And that is when it clicked. We were a team. We don't feel so much like a team at the moment. And, I guess that's really my fault. Because I added an extra player, and everything got all muddled up, and now it feels like we're on opposing sides and it's Bones and Husband vs. Piglet.

So, Piglet. The main thing that I want to say to you right now is: I'm so, so, so, sorry. (If it is any consolation, Husband doesn't feel like he's on my team either, so you're not alone in feeling isolated.)  I'm sorry that I'm not the best teacher. I'm sorry that I'm not the best friend. I'm sorry that I haven't been the best mum recently. I'm sorry I fell asleep before bedtime tonight and Husband had to read you story and not me. I'm sorry that I've been shouting, and crying, and... basically just failing you.
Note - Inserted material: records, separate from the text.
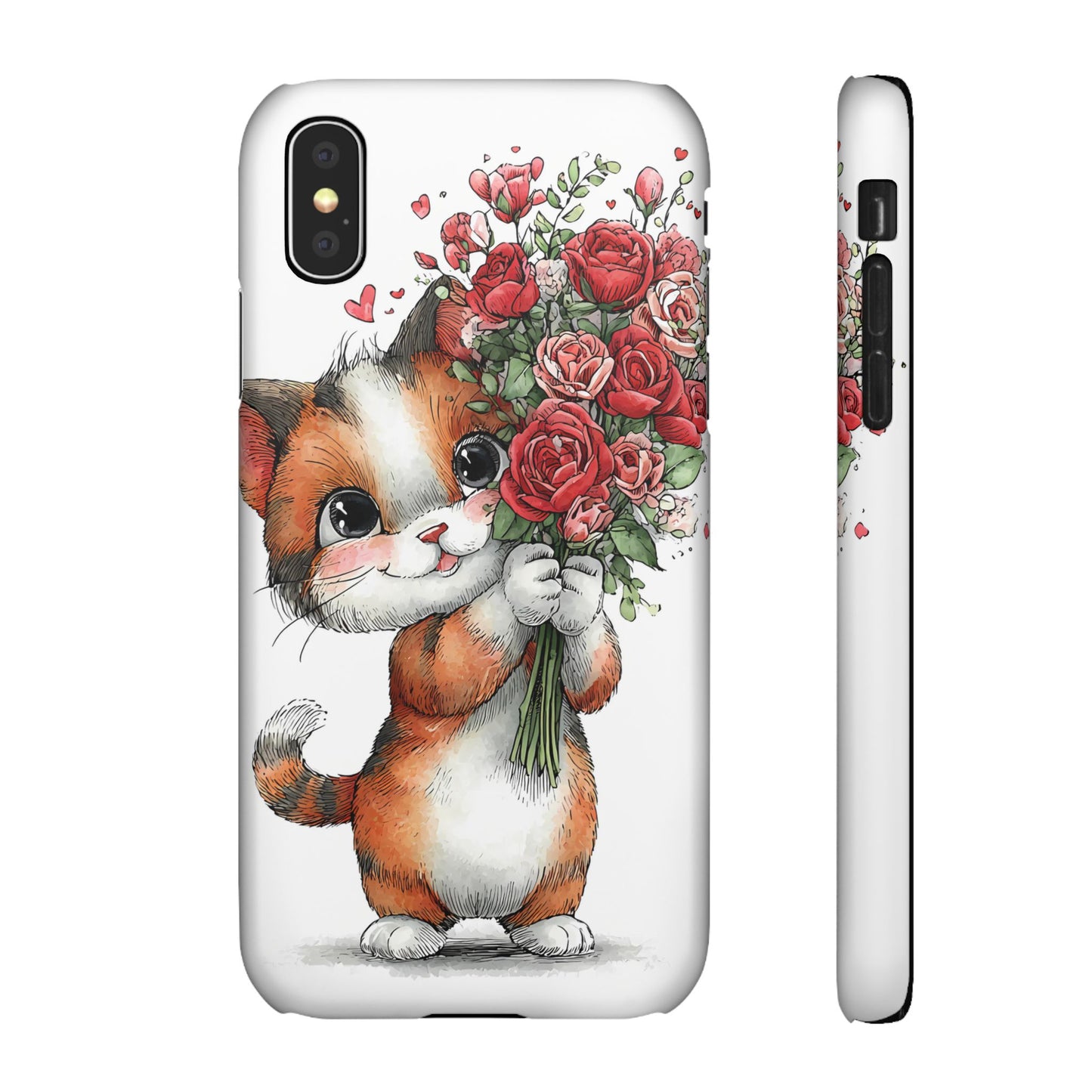 Cute Cat Snap Case with Floral Design, Pet Lovers Gift, Phone Protector for Valentine's Day, Cute Kitty Case, Animal Art Cover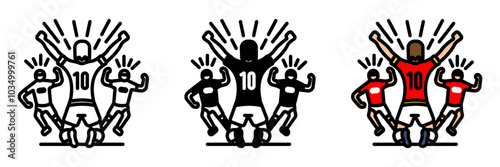 Goal Celebration Icon, Fans and players' joyous reactions after scoring a goal, involving cheers, jumping, and sometimes choreographed routines.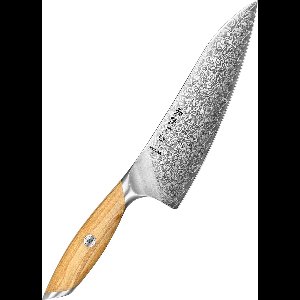 Hezhen X01 Flagship Series - Koksmes - Professioneel - Damascus staal (73 laags met poederstalen kern van 14Cr14MoVNb) - Olijfhout - Vlijmscherp damastmes - Inclusief mooie geschenkdoos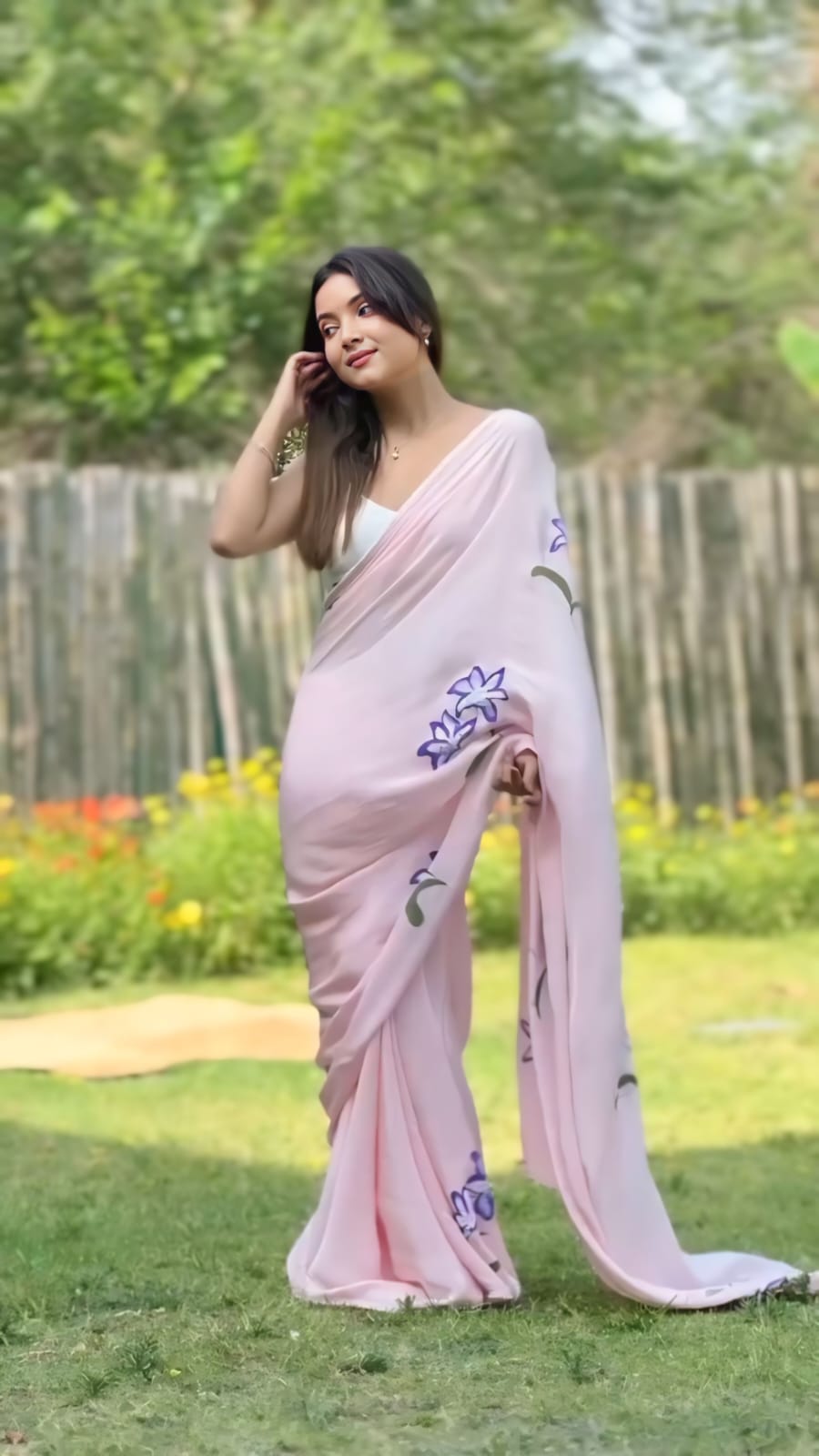 Ready To Wear Floral Lace Georgette Saree – Pink Petal Charm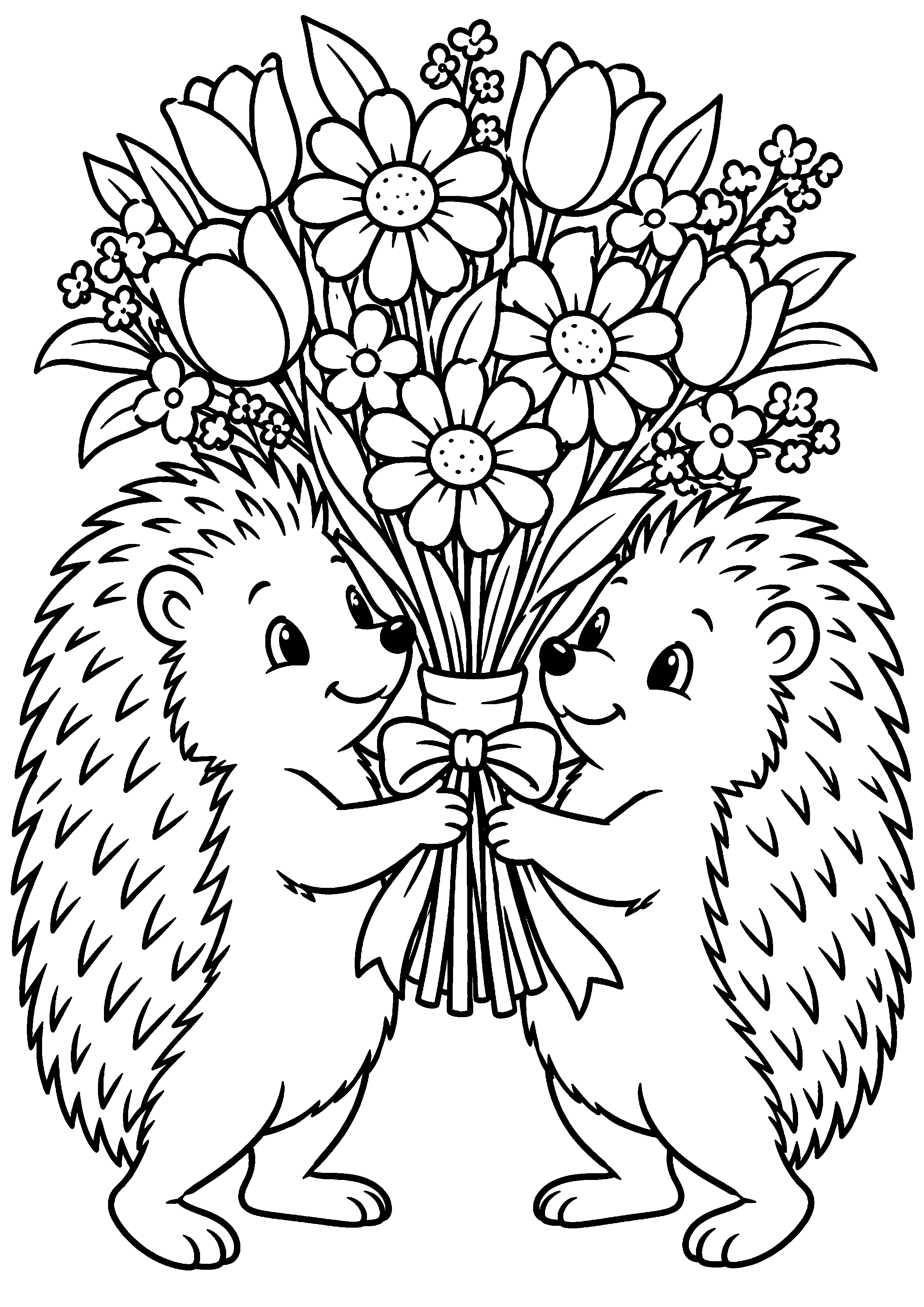 Deux hérissons offrant ensemble une grande gerbe de fleurs à colorier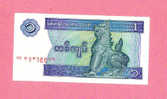 Billet De Banque Nota Banknote Bill 1 One Kyat CENTRAL BANK OF MYANMAR - Myanmar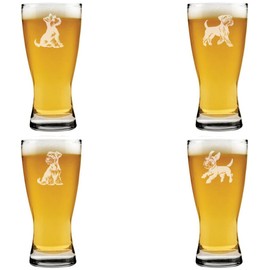 MIP Set of 4 Glass 15 oz Beer Pilsner Glass Gift Miniature Schnauzer Collection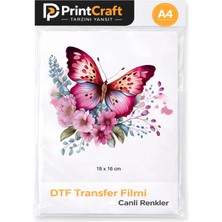 Palo Santo 18X16 cm Pembe Kelebek Modeli Ütü ile Yapışan Dtf Transfer Baskı (A4)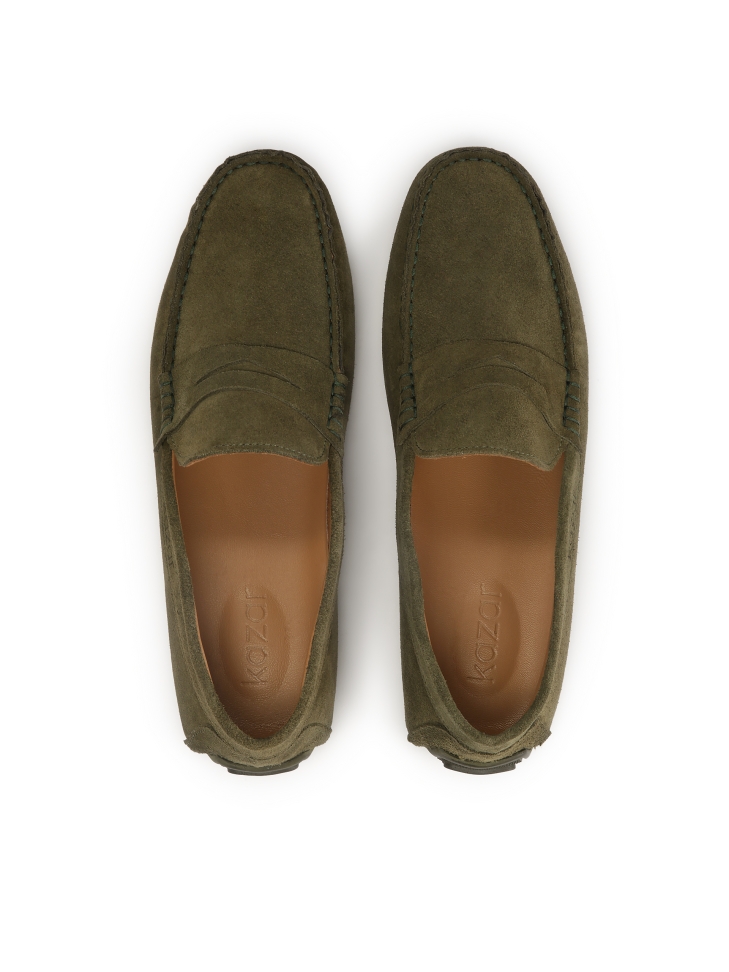 Men's slip-on moccasins in khaki color TYODOR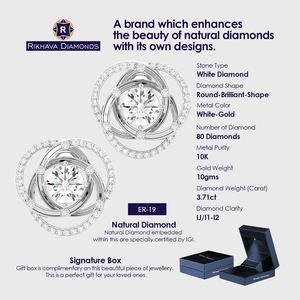 คอลเลกชันเครื่องประดับที่สง่างามทองคำขาว10K ทรงเสน่ห์ต่างหูเพชรทองคำขาว10K จากผู้ผลิตที่เชื่อถือได้ - Product Image 4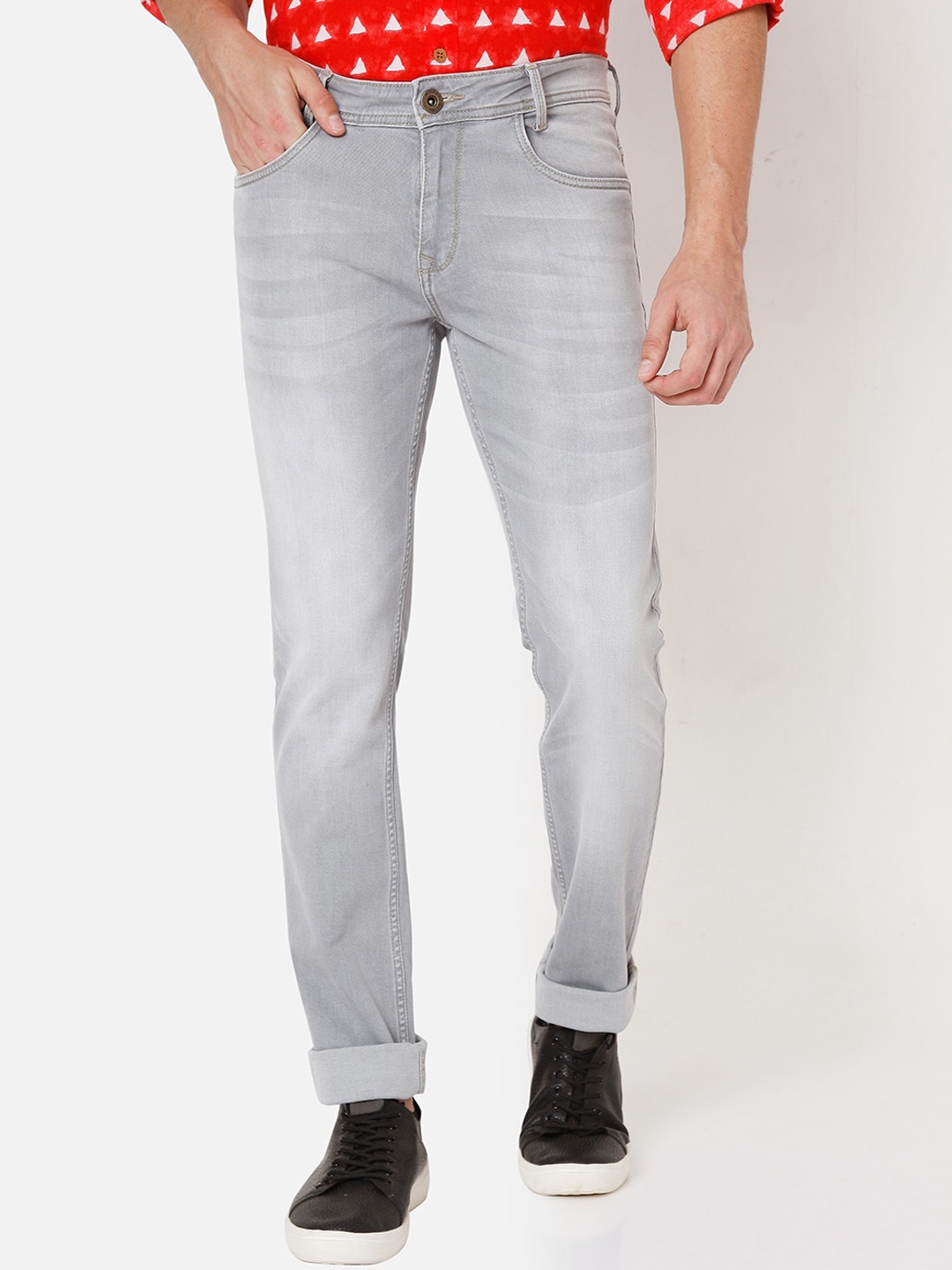 

Mufti Men Grey Slim Fit Light Fade Stretchable Jeans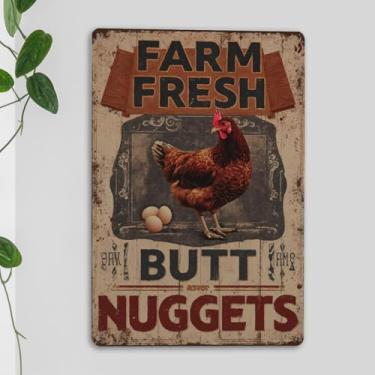 Imagem de Presentes de galinha retrô galinheiro acessórios de decoração de parede de fazenda engraçado fazenda fresca pepitas de metal placa de estanho decoração de casa de fazenda para cozinha doméstica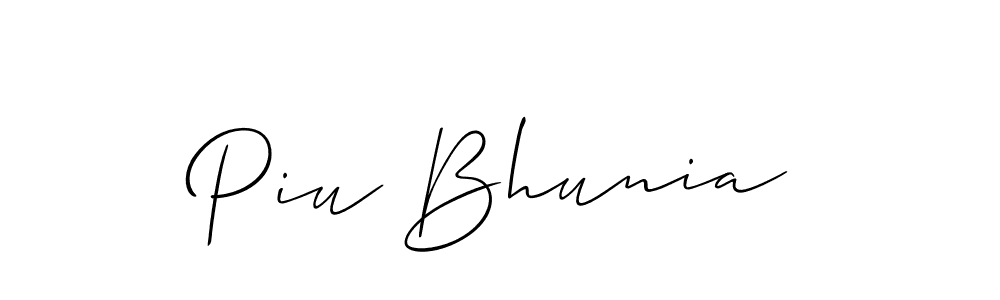 Make a short Piu Bhunia signature style. Manage your documents anywhere anytime using Allison_Script. Create and add eSignatures, submit forms, share and send files easily. Piu Bhunia signature style 2 images and pictures png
It is now Thursday (because Mummy only blogs at night when she should be sleeping). And I'm making you a promise. I promise that I'm going to work with you again. I'm going to be back on your team (maybe Husband can join too, because sometimes he's ok). I've woken up Piglet, and as long as we have each other, we really can do anything. Little bit of home-school? No problem. Lot of multi-tasking? Who needs sleep! Mummy's deteriorating mental health? Pff, we've got 7 leftover Prozac that Mummy found this morning.

Today, I am going to laugh with you, and I am going to give you 250000 hugs, and I am going to play dragons until I grow wings (whilst possible subtly making the dragons say things like "7 groups of ten and 4 ones makes 74"). We've got this Piglet. We're going to smash it, like we have everything else. I'm just so sorry that it took me so long to realise what had happened to us.

I love you so much. You are my world.